Una vez terminada la bienvenida, le cedió el micro al padre Bambarén, el cual sería protagonista de algunas de mis pesadillas escolares. Bambarén era realmente un maestro en el arte de administrar. Hubiera sido sin duda un gerente corporativo muy exitoso. Parecía estar en todas partes y saberlo todo. Todas las clases tenían en esa época una maravilla de la tecnología moderna: intercomunicadores conectados a la prefectura. La maldita cajita estaba colgada encima de la pizarra, a una altura inalcanzable, y aunque me enteré que estaba también conectada a la rectoría y a otras oficinas, durante mis cuatro años solo escuché la malhadada frase: "Fulanito, a la prefectura..."

Yo era un buen alumno en general, pero así y todo, terminé allí unas cuatro o cinco veces. La que más recuerdo fue cuando en la entrada del colegio, compré un lapicero pornográfico y escandalosísimo para la época. Y es que los placeres de la carne son una debilidad que creo comparto con muchos. El dichoso lapicerito mostraba a una chica con ropa de baño de una pieza, pero al ponerlo boca abajo, el traje de baño, que era simplemente tinta negra, desaparecía y la chica quedaba desnuda. Foto retocada por supuesto, pues donde debía figurar lo más importante, no se veía nada, pero era suficiente para alborotar mis imberbes gónadas.

El tema fue que Guimoye, compañero de clase, me prestó plata para comprarlo y el compró uno también, pero con foto diferente. La mía era morena y la suya, rubia. A él le encontraron el lapicero, y mediante tácticas intimidatorias dio mi nombre, así que cuando llegué estaban Guimoye y Bambarén esperándome. Bambarén tenía el lapicero en su mano, así que con la adrenalina a mil por hora, y mientras él me hacía la pregunta, yo puse mi lapicero en su otra mano. No había nada que hacer. Ante la contundencia de los hechos, hube de aceptar mi culpabilidad, odiando a Guimoye y a Bambarén alternadamente.

Creo que nos castigaron cuatro sábados, en los que teníamos que leer "Imitación de Cristo", de Tomas de Kempis y responder preguntas al respecto. Libro sumamente espiritual y poderoso, pero no a los diez años de edad. Después fui llevado una vez porque estaba leyendo un fragmento de una novela de Carlos Fuentes a un grupo, en el cual usaba el autor cierto lenguaje erótico y provocativo. Terminé donde Bambarén con el libro confiscado. Pero él, al abrirlo, se dio cuenta que era de la biblioteca del colegio, así que me dejó ir. Ileso. El libro no.

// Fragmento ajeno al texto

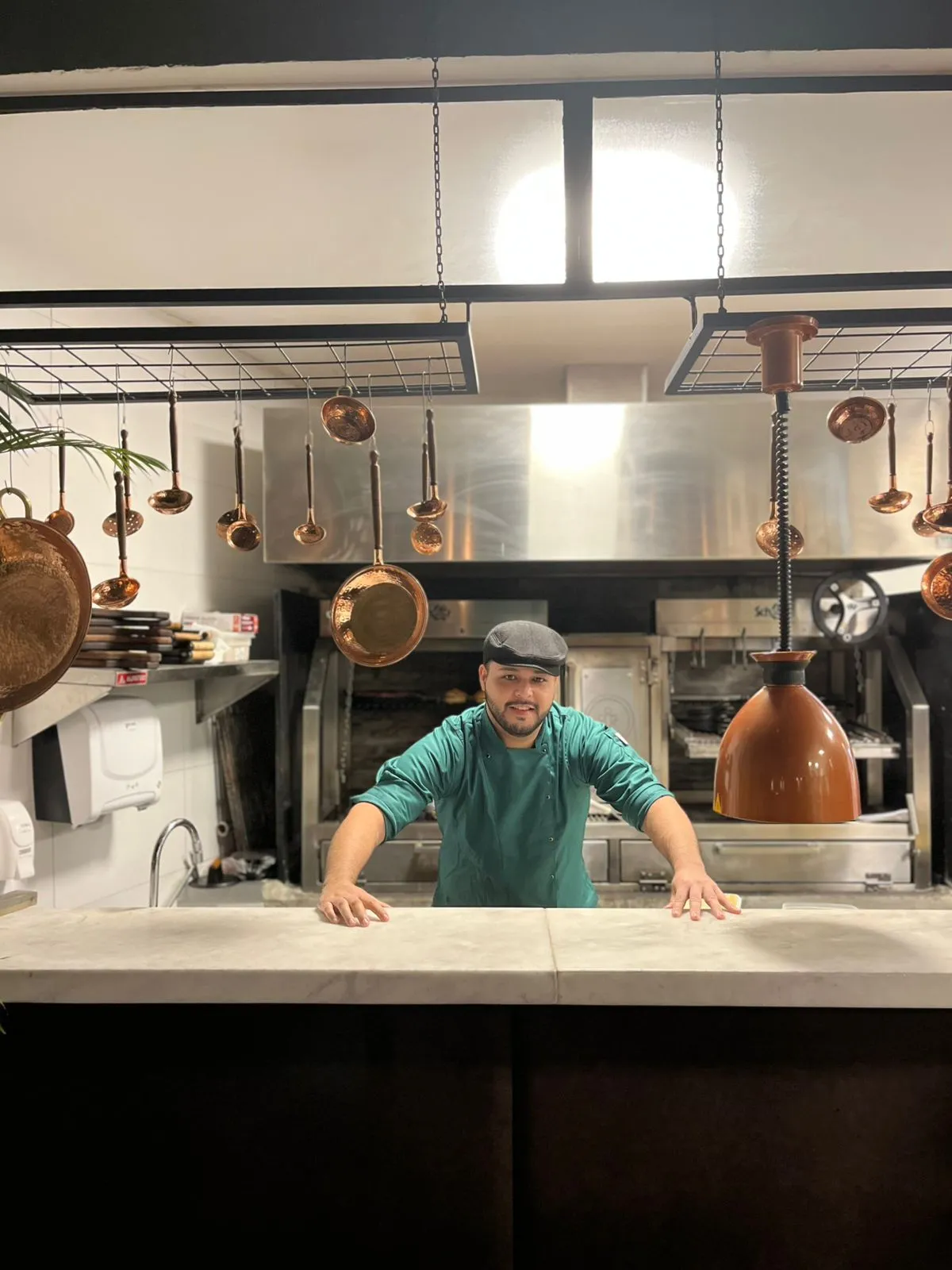 Chef no comando da parrilla (atrás)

Comentario aparte merece el intercomunicador, Cada vez que sonaba el corazón me subía a la boca. Por alguna razón tengo la tendencia a andar por la vida con el síndrome de conciencia sucia, y esto desde pequeño, así que siempre había algún secreto o algo que descubrir, incluso a tan tierna edad.

Después de advertirnos de lo que él como Prefecto de Estudios, (curiosamente, el Prefecto de Disciplina era el padre Vargas) esperaba de todos nosotros, nos despidió para marchar a nuestras respectivas clases.

Cuatro veces al día, de lunes a viernes y dos el sábado, del primero de Abril al 15 de Diciembre, escucharíamos lo que tenía que decirnos, y veríamos a los personajes destacados por algún incidente en clases, a su lado. A los que más recuerdo por razones diferentes eran Carlos Blancas, que aparentemente se soltaba a dar discursos dentro de la clase en algunas asignaturas, interminables y flamígeros. Parece que el problema que tenía era su total incapacidad para callarse una vez comenzado. El otro era Remigio Morales-Bermúdez, el más asiduo acompañante del mástil. En su caso, era simplemente alguna travesura o pendejada que había inventado o en la que había tomado parte activa.

Y así, nos dirigimos a conocer nuestro salón de clases.